[Activity] Print exactly the lines from the one containing "9408 Avenida Acero, Spring Valley, CA 91977" through the last line of the entries below; the pictures stay out of the copy.

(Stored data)
::::::

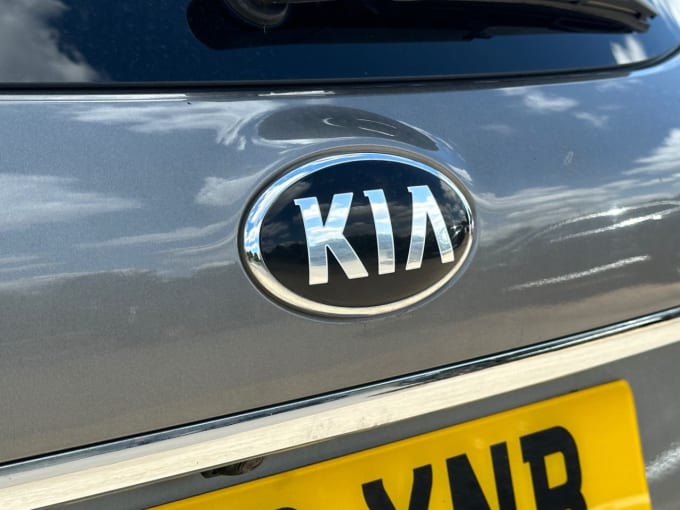 2025 Kia Carens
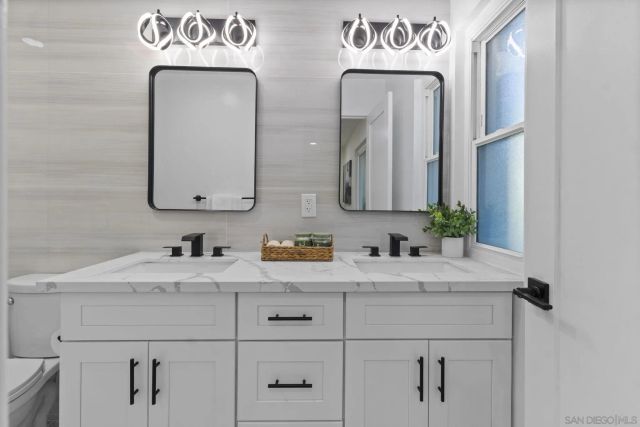 9408 Avenida Acero, Spring Valley, CA 91977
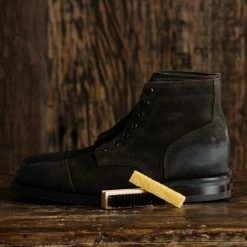 Thursday Boots - Accessories Cobbler's Choice Suede Brush & Eraser 8 Thursday Boots - Accessories Cobbler's Choice Suede Brush & Eraser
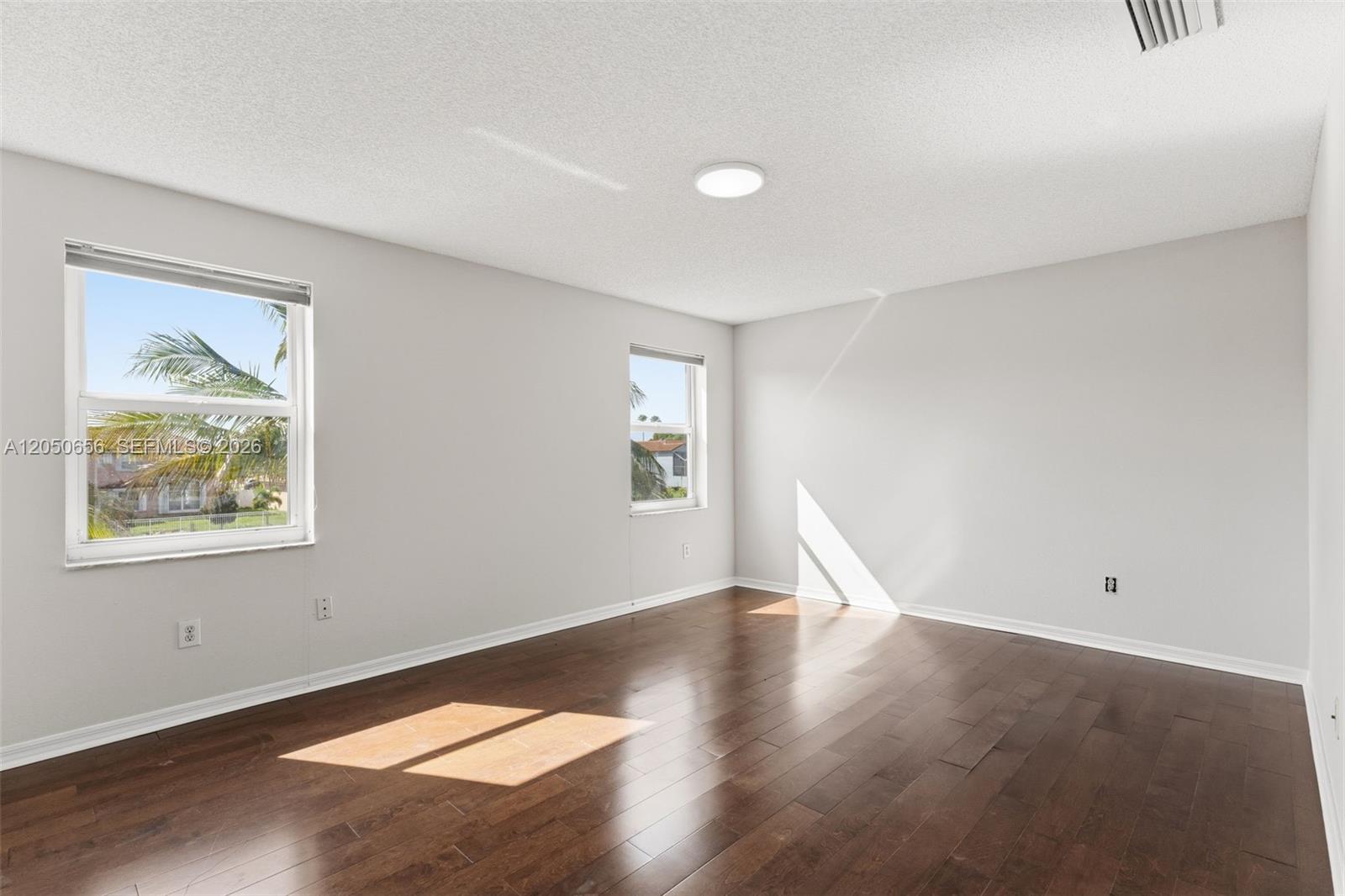 1273 NW 192nd Ter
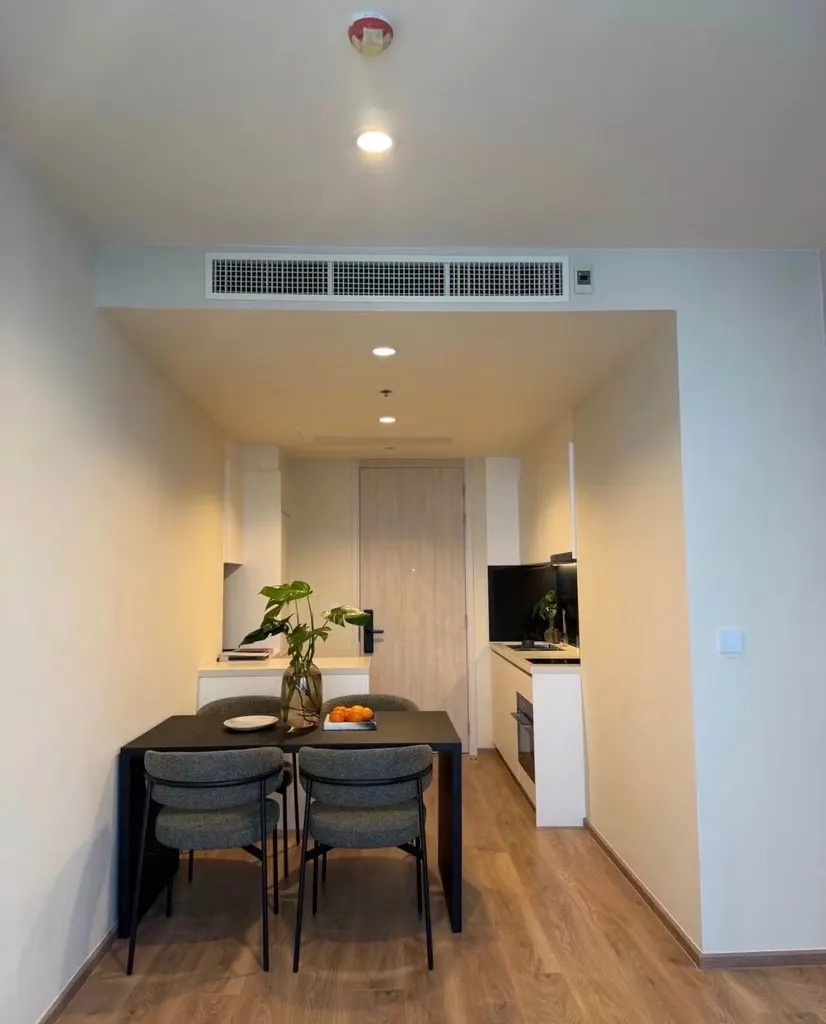 Photo 3 of listing DA-3361264: 2-bedroom condo (53.5 sq.m.) at Noble Form Thonglor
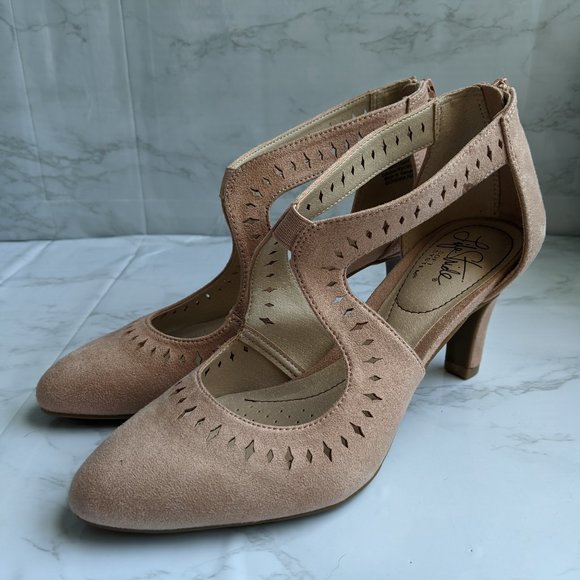 NWOB Life Stride Women's Giovanna Perf Pump, sz 7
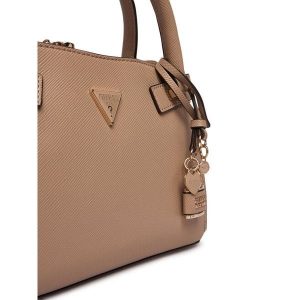 Torebka Guess. Brązowe kuferki Guess, z aplikacjami, bez dodatków. Za 679,99 zł.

::::::

[Final answer]
 9408 Avenida Acero, Spring Valley, CA 91977
 Thursday Boots - Accessories Cobbler's Choice Suede Brush & Eraser 8 Thursday Boots - Accessories Cobbler's Choice Suede Brush & Eraser
 1273 NW 192nd Ter
 Photo 3 of listing DA-3361264: 2-bedroom condo (53.5 sq.m.) at Noble Form Thonglor
 NWOB Life Stride Women's Giovanna Perf Pump, sz 7
 Torebka Guess. Brązowe kuferki Guess, z aplikacjami, bez dodatków. Za 679,99 zł.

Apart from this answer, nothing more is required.